In 1846 Boggs’s business fell apart, and he lost his home in an economic depression. He left with his family by wagon on May 10, 1846, for California, where he hoped to start anew. He reached Sutter’s Fort in November, and within a short time had been appointed alcalde (chief civil authority) of California north of Sacramento. At the same time, Boggs opened a general store and during the gold rush made a fortune outfitting miners. In 1852 he purchased a farm in Napa Valley and retired from business. He lived there in relative seclusion until his death on March 4, 1860.

Further Reading

Arrington, Leonard J., and Davis Bitton. The Mormon Experience: A History of the Latter-Day Saints. New York: Knopf, 1979.

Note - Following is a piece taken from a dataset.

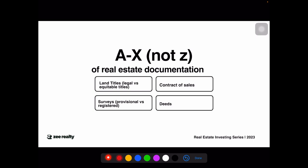You have four core documents you'll probably be dealing with. Number one is your land title. Number two is your contract of sales. Number three is your deed. Number four is your survey. Let's start with the land titles.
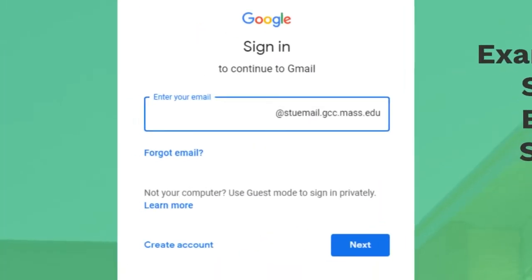When you click the email link, it brings you to a Gmail sign-in. Make sure you're signed out of any other personal Gmail accounts, or things will go a little wonky. What's nice about that link is it pre-fills the @stuemail.gcc.mass.edu part, so you don't have to type it all in. If you have other Gmail accounts, you can just add your GCC account to that list.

Gordon, Joseph F. “The Political Career of Lilburn W. Boggs.” Missouri Historical Review 52, no. 2 (January 1958): 111–22.

Kinney, Brandon G. The Mormon War: Zion and the Missouri Extermination Order of 1838. Yardley, PA: Westholme, 2011.

LeSueur, Stephen C. The 1838 Mormon War in Missouri. Columbia: University of Missouri Press, 1987.

McCandless, Perry. A History of Missouri: Volume II, 1820 to 1860. Columbia: University of Missouri Press, 1972.

McLaws, Monte B. “The Attempted Assassination of Missouri’s Ex-Governor, Lilburn W. Boggs.” Missouri Historical Review 60, no. 1 (October 1965): 50–62.

Nelson, Robert. Enemy of the Saints: The Biography of Governor Lilburn W. Boggs of Missouri. Baltimore: Publishamerica, 2011.

Spencer, Thomas M., ed. The Missouri Mormon Experience. Columbia: University of Missouri Press, 2010.